My appearance out of the shoot did not sit well with the breeders, so they simply didn’t pay much attention to me. Actually, they ignored me. I didn’t even know how to play when I was a wee lad. Can you imagine that? I’m sure they were crushed when they realized they couldn’t get top dollar for me in the breeding world. (That’s probably when the thought of sending me over the Rainbow Bridge started. For gosh’s sake, they were going to dock my siblings’ tails because theirs were bent too!) My pedigree is quite impressive, if I do say so myself, but that doesn’t mean much for some in the dog show world if you can’t show or breed. When was the last time you saw a Scottie like me at Westminster??? You haven’t and chances are, you never will. That’s fine with me. I like my life now just fine thank you. That includes the way I look.
Godmother Carol and My Possy
OK. So my siblings and I were taken to a place to get our hair cut just after we were born and that’s where I met my Godmother. She’s actually the breeder of my father who was a true “MacTruck” of a Scottie let me tell you. Short, stocky, muscular and handsome. A real looker. Just like me.
I met Them – my beloved Peeps – at my Godmother’s house. I chose Them that very day. I knew immediately that I wanted to live with Them. Not only to get away from those nasty people, but to become a part of Their lives. They’re kind of neat. For people. Scotties are cooler, but They’re pretty neat.
I knew my life would be golden with Them. And I was right. I’m the pack leader but I let Them think They are. (That’s really nothing new in my world. I think we’re wired for that kind of reverse psychology. And I’m REAL good at it. We Scotties are perhaps the best human pack leaders in the world.) They feed me pretty well, I snooze whenever I want, and, get this, they let me play with my neighborhood girlfriends EVERY DAY. See, I have this Possy of girls that love me. They all live within a few blocks of my house. My favorites live right next door. One’s a cat that lets me chase it, one’s some kind of wolf look alike, one’s a hound of some sort and the other is a human. FOUR admirers in one place. They adore me. They feed me snacks that I don’t get at home, Aunty (the human of the group) leaves the back door open ALL THE TIME just so we can come in and go out whenever we want, and I get to howl at the mailperson as loud as I want. Actually, it’s not howling. It’s singing. The three of us canines can really carry a tune. The cat doesn’t know how to sing. Maybe I’ll try to teach it some tunes. Note to self for future musings: corral cat, teach to sing, write about it.

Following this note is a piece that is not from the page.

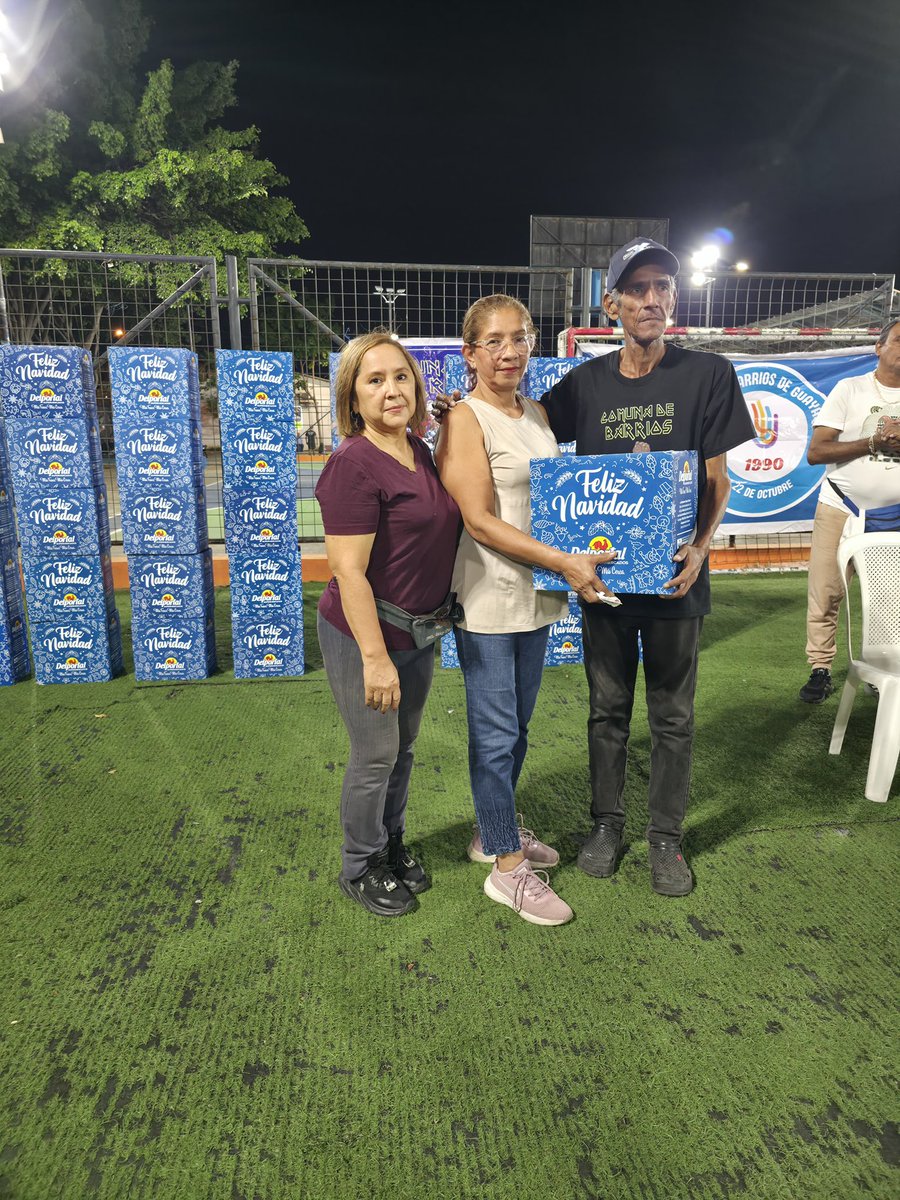 PedritoExtranja's tweet image. A esta hora, en Guayaquil en diversos sectores como La Pradera, Floresta y Esteros hoy tenemos olla popular, entrega de canastas y juguetes para los pelados.
La Comuna de Barrios de Guayaquil no descansa, nosotros estamos SIEMPRE.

Boy, can I get off the subject. For a Scottie, I can really digress. And that’s unusual. Scotties are focused and intent. I’m a bit different. I tend to zig where others zag. But that’s what makes me me. As you’ll soon discover.
So my tail is still bent even though They tried to straighten it out ever so gently when They first took me home with Them. I learned how to play; though, to be honest with you, playing is really not my thing. My interests lie elsewhere. Give me a chipmunk to flush out of the rain gutter any day and give the cute little toys that make noise to those breeds without brains. (She would not be happy with me if She knew I was speaking ill of other dogs. But I can’t help it. It’s not kind and I’ll try to be more tolerant of others.) My white markings are still with me, though my white toenail is now black. I’m black AND brindle. Kind of a hodgepodge of color. But that’s what makes me Stuart. And I’m glad to meet you.
What You Learned Today:
- Some breeders are bad breeders and raise puppies for the wrong reasons.
- Some puppies’ tails get bent but this can often be corrected with gentle straightening motions. As you would straighten a bent pipe cleaner.
- Some humans are really cool. Like my Peeps.
- Scotties are focused and intent.
- Scottie ears and tails are not docked.
- Godmothers really do exist.
- And there is a heaven on earth. Mine’s next door with my Possy.